# Hull - Zebrugge/Roterdam - Any Experience?



## 96509 (Oct 12, 2005)

We are planning to cross via one of these routes in June/July next year. Two 7m motorhomes each with a 5m motorcycle trailer. Anyone had experience of these overnight routes and how to get the best deal?

Stuart Ormerod


----------



## sailor (Aug 23, 2005)

We have used the hull to rotterdam route many times, albeit with a car/caravan - ie before our recent conversion to a motorhome.

I found it excellent - if you live north of Watford it is a very relaxing way to start and end a holiday. Last time I went, they let you on the boat from about 6.30pm in Hull - even though it sailed much later. This meant you could get settled, have a couple of beers and a decent meal, get a good night's sleep, and arrive at the europort about 8am, from which you are rapidly onto the dutch / german motorway system.

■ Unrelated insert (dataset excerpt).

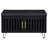 Clackamas Black 2-Door Storage Bench-18582655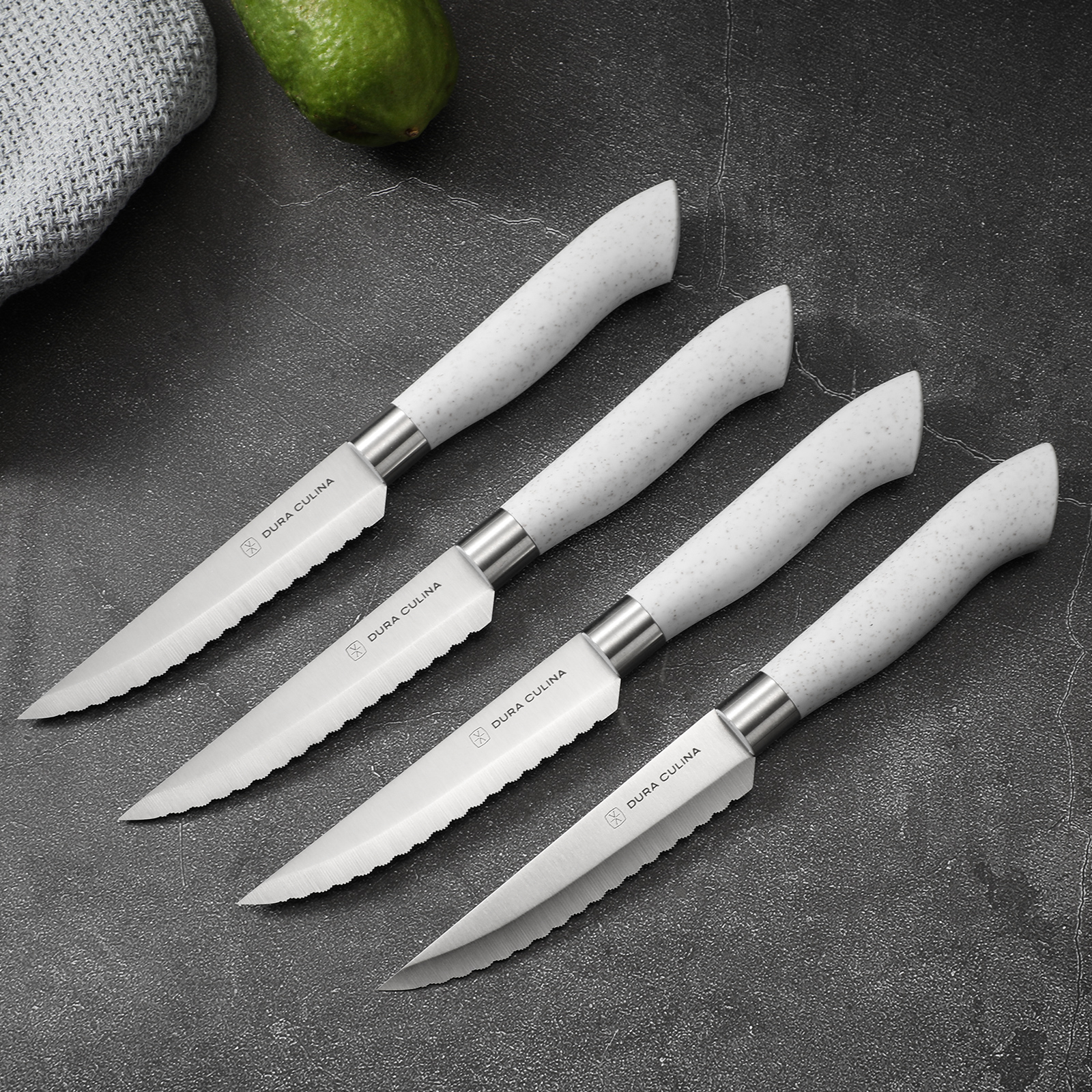 Eco-Friendly 4 or 8 Pc Micro Serrated Steak Knife Set - Gallery 24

With a caravan the best deals were for saturday night crossings, presumably because there are fewer lorries then. I imagine this will also be true for Motorhomes. I always booked through either the caravan club or camping club, who seemed to get decent deals.

If you live in the north, the mileage saved by not driving to dover, and also saved once in Holland (obviously depending on where you go) goes a long way towards paying the extra cost.

Only negative for us now, is that you cannot take dogs on that crossing, so we now go to Dover.

I am sure you will enjoy it!

Regards


----------



## 96509 (Oct 12, 2005)

Thanks for that, a very helpful (and prompt!) reply. The website fare is £677 return, including accomodation and meals but I hope to better that through one of the Clubs.

Stuart


----------



## ralph-dot (May 10, 2005)

Don't forget you can use Tesco clubcard points for up to 75% discount with P&O (see other threads).

Ralph


----------



## Don_Madge (May 1, 2005)

sormerod said:


> Thanks for that, a very helpful (and prompt!) reply. The website fare is £677 return, including accomodation and meals but I hope to better that through one of the Clubs.
> 
> Stuart


Stuart,

We only live 30 minutes from Hull and use both routes regularly. Our next trip is 5th Jan Hull to Zeebrugge sailing at 1900 hrs and back on the 24th May. It's £306 for a 6 metre van with an outside two berth cabin but no meals. The Rotterdam sailing leaves two hours later and is about the same price..

I check out the sailings on NSF website http://tinyurl.com/3csfl play with the dates a bit (mid week is cheaper) and then book through the Caravan Club. According to the deals that are on at the time you can save maybe £100 or so.

A word of warning about drinking on board. On one trip to Rotterdam all the drivers were breathalysed as they were leaving the docks next morning, the dutch police made a killing that morning.

The ship sometimes gets a bit crowded with coach parties, I think that's how NSF keep the boats going.

Don


----------



## 88838 (May 9, 2005)

We've used both routes in both directions several times, and have also used them as return leg only - leaving from Portsmouth and looping round into Belgium / Netherlands as appropriate.
As Ralph says, Tesco vouchers greatly reduce the price and are our usual method pf payment.
The Rotterdam route uses newer bigger boats + it's a slightly shorter crossing, and so evening sailing is later [Hull docks have a locking system - Zeebrugge boats have to travel through - Rotterdam boats are presumably too big].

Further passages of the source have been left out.